You are viewing a single comment's thread from:

RE: How to Easily Answer Extreme Hypotheticals

in #morality8 years ago

Great post. It's not surprising when we consider that we are bombarded with so many instances daily where violence is the only conflict resolution presented, that many people would find it hard to grasp the idea of the NAP. It seems that many people find it instinctive to intrude and intervene into the lives of others, be it verbally, through gossip, or through the manipulation of space. I would argue, that it is here where the antithesis of the NAP is realized, because if you can intervene so easily and naturally in a mental capacity, then it becomes easier to do so with physical aggression of body and property.

Sort:  

Yeah, violence is just a desperate last resort when you feel overwhelmed and out of other options. It wouldn't come up much at all if we were all raised with better problem solving skills. :-/

It's called being alive. See the first 30 secs of this, for instance:

Or, better yet, this quote by Nietzsche:

"No egoism at all exists that remains within itself and does not encroach—consequently, that “allowable,” “morally indifferent” egoism of which you speak does not exist at all. “One furthers one’s ego always at the expense of others;” “Life always lives at the expense of other life”—he who does not grasp this has not taken even the first step toward honesty with himself." (from The Will to Power)

Don't get me wrong - I'm all for individual rights and I guess I'm also a pacifist. But I'm also a realist. I mean, even forcing your child to go to school is a form of violence - and that's not an 'extreme hypothetical'.

I would never force my daughter to go to school. I'm her service provider, not her ruler.

I'm not sure what the relevance of his statement about life living at the expense of other life has. I see no problem with it.
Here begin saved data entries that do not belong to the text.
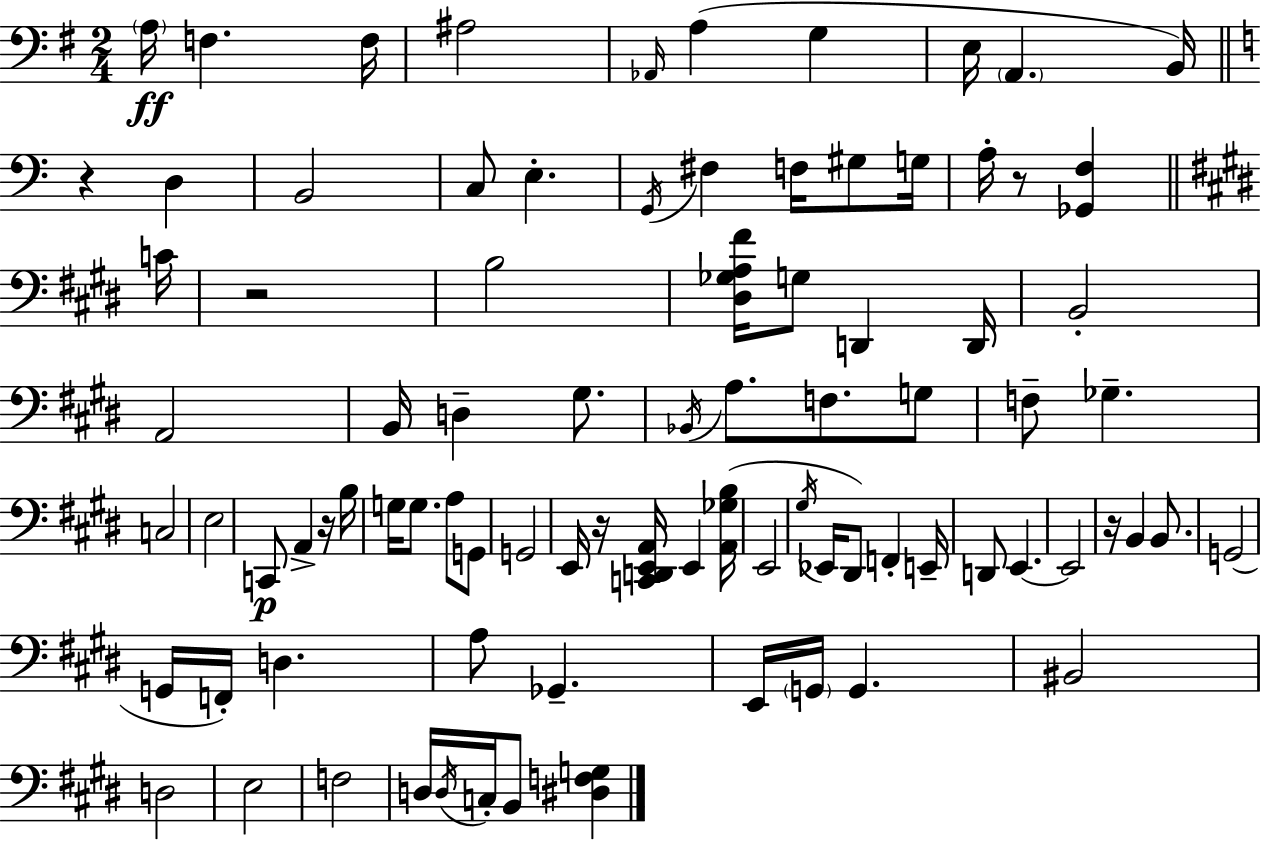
X:1
T:Untitled
M:2/4
L:1/4
K:Em
A,/4 F, F,/4 ^A,2 _A,,/4 A, G, E,/4 A,, B,,/4 z D, B,,2 C,/2 E, G,,/4 ^F, F,/4 ^G,/2 G,/4 A,/4 z/2 [_G,,F,] C/4 z2 B,2 [^D,_G,A,^F]/4 G,/2 D,, D,,/4 B,,2 A,,2 B,,/4 D, ^G,/2 _B,,/4 A,/2 F,/2 G,/2 F,/2 _G, C,2 E,2 C,,/2 A,, z/4 B,/4 G,/4 G,/2 A,/2 G,,/2 G,,2 E,,/4 z/4 [C,,D,,E,,A,,]/4 E,, [A,,_G,B,]/4 E,,2 ^G,/4 _E,,/4 ^D,,/2 F,, E,,/4 D,,/2 E,, E,,2 z/4 B,, B,,/2 G,,2 G,,/4 F,,/4 D, A,/2 _G,, E,,/4 G,,/4 G,, ^B,,2 D,2 E,2 F,2 D,/4 D,/4 C,/4 B,,/2 [^D,F,G,]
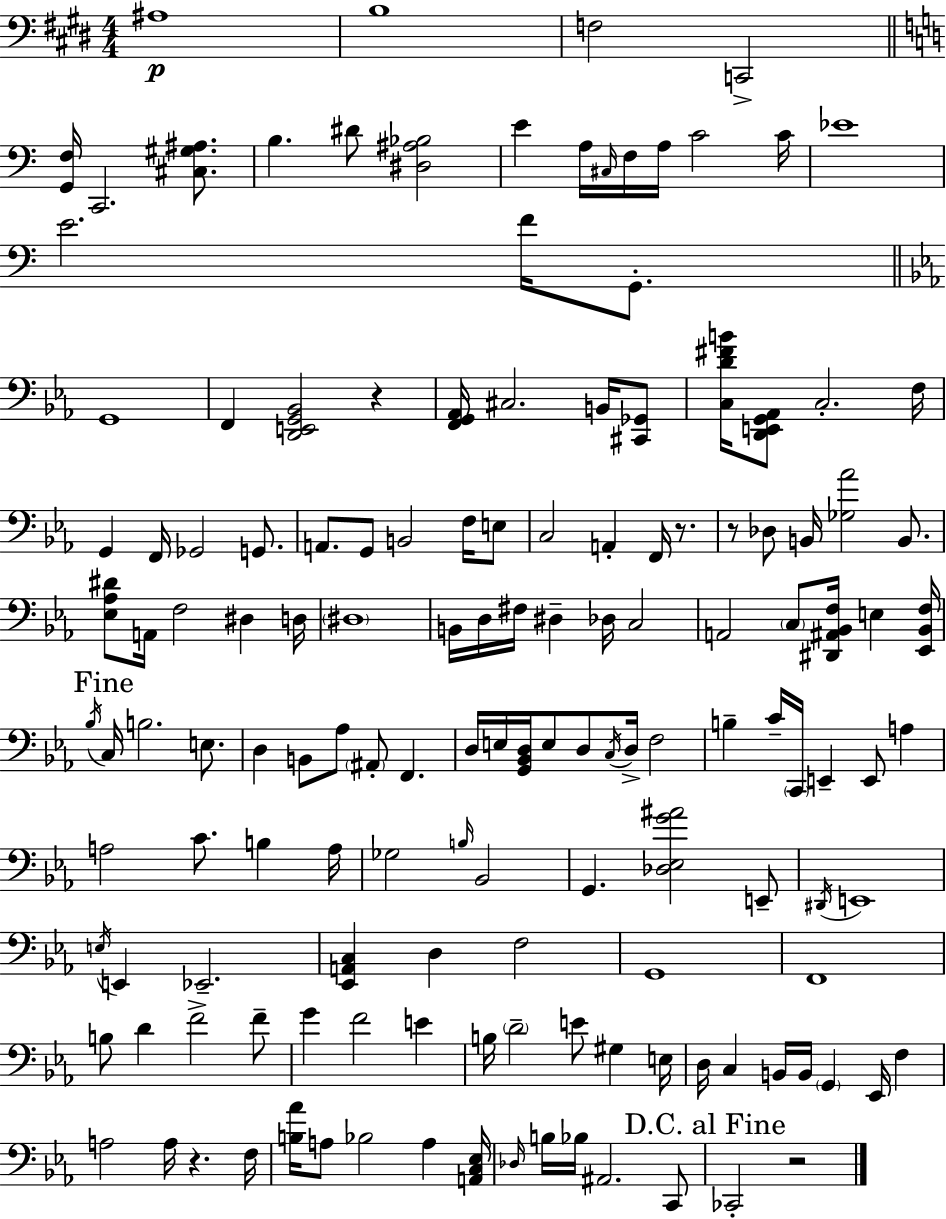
A#3/w B3/w F3/h C2/h [G2,F3]/s C2/h. [C#3,G#3,A#3]/e. B3/q. D#4/e [D#3,A#3,Bb3]/h E4/q A3/s C#3/s F3/s A3/s C4/h C4/s Eb4/w E4/h. F4/s G2/e. G2/w F2/q [D2,E2,G2,Bb2]/h R/q [F2,G2,Ab2]/s C#3/h. B2/s [C#2,Gb2]/e [C3,D4,F#4,B4]/s [D2,E2,G2,Ab2]/e C3/h. F3/s G2/q F2/s Gb2/h G2/e. A2/e. G2/e B2/h F3/s E3/e C3/h A2/q F2/s R/e. R/e Db3/e B2/s [Gb3,Ab4]/h B2/e. [Eb3,Ab3,D#4]/e A2/s F3/h D#3/q D3/s D#3/w B2/s D3/s F#3/s D#3/q Db3/s C3/h A2/h C3/e [D#2,A#2,Bb2,F3]/s E3/q [Eb2,Bb2,F3]/s Bb3/s C3/s B3/h. E3/e. D3/q B2/e Ab3/e A#2/e F2/q. D3/s E3/s [G2,Bb2,D3]/s E3/e D3/e C3/s D3/s F3/h B3/q C4/s C2/s E2/q E2/e A3/q A3/h C4/e. B3/q A3/s Gb3/h B3/s Bb2/h G2/q. [Db3,Eb3,G4,A#4]/h E2/e D#2/s E2/w E3/s E2/q Eb2/h. [Eb2,A2,C3]/q D3/q F3/h G2/w F2/w B3/e D4/q F4/h F4/e G4/q F4/h E4/q B3/s D4/h E4/e G#3/q E3/s D3/s C3/q B2/s B2/s G2/q Eb2/s F3/q A3/h A3/s R/q. F3/s [B3,Ab4]/s A3/e Bb3/h A3/q [A2,C3,Eb3]/s Db3/s B3/s Bb3/s A#2/h. C2/e CES2/h R/h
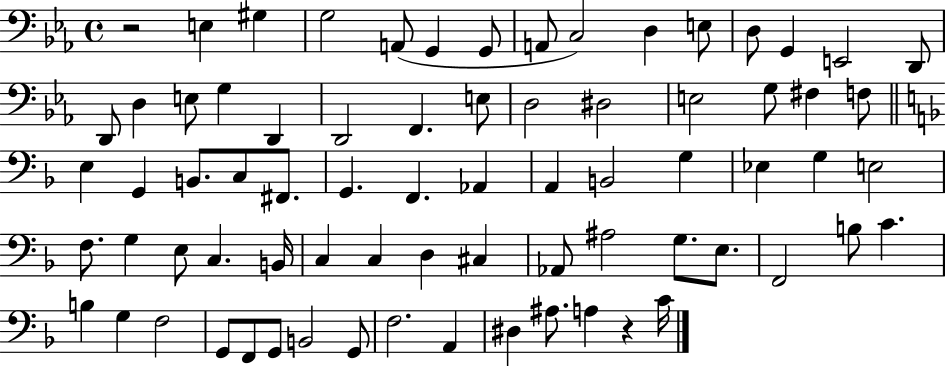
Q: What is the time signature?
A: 4/4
I apply the NAP to all sentient beings but I see no moral problem with our killing of non-sentient life forms like plants, fungi, and bacteria.

The reply was meant for @therussianmonk . It was meant specifically for his statement that

It seems that many people find it instinctive to intrude and intervene into the lives of others, be it verbally, through gossip, or through the manipulation of space.

And what I meant to say was that "that's what living things do", they "encroach".

I did not mean to suggest the unrealistic notion that in a planet of 3 billion people there would be no encroachment, physical or otherwise. We can just try to squeeze into an elevator during lunchtime in an office building to see that impossibility. My suggestion was, that in a society that so often and easily encroaches on each others in more passive ways, such as the allocation of cameras on most street corners, or our activities and website usage being tracked online, etc., that more aggressive encroachment (such as violence at the individual/group/nation level) does not seem at odds with our general behavior, and it seems to flow logically from how we are conditioned. Like with other things in this world, the goal of eradication (of encroachment and violence) perhaps is unrealistic, but minimizing it can be achieved.

@therussianmonk, Pied Piper is downvoting my posts. He uses aggression against me. @piedpiper is attacking me. He said that discipline is bad. He said discipleship is bad. I agreed with him that abused is bad. I agree. Assault is bad. Murder is bad. Violence is bad. We agree but he continues to attack me. I am not attacking him but he is abusing me. He is trying to maybe rape me.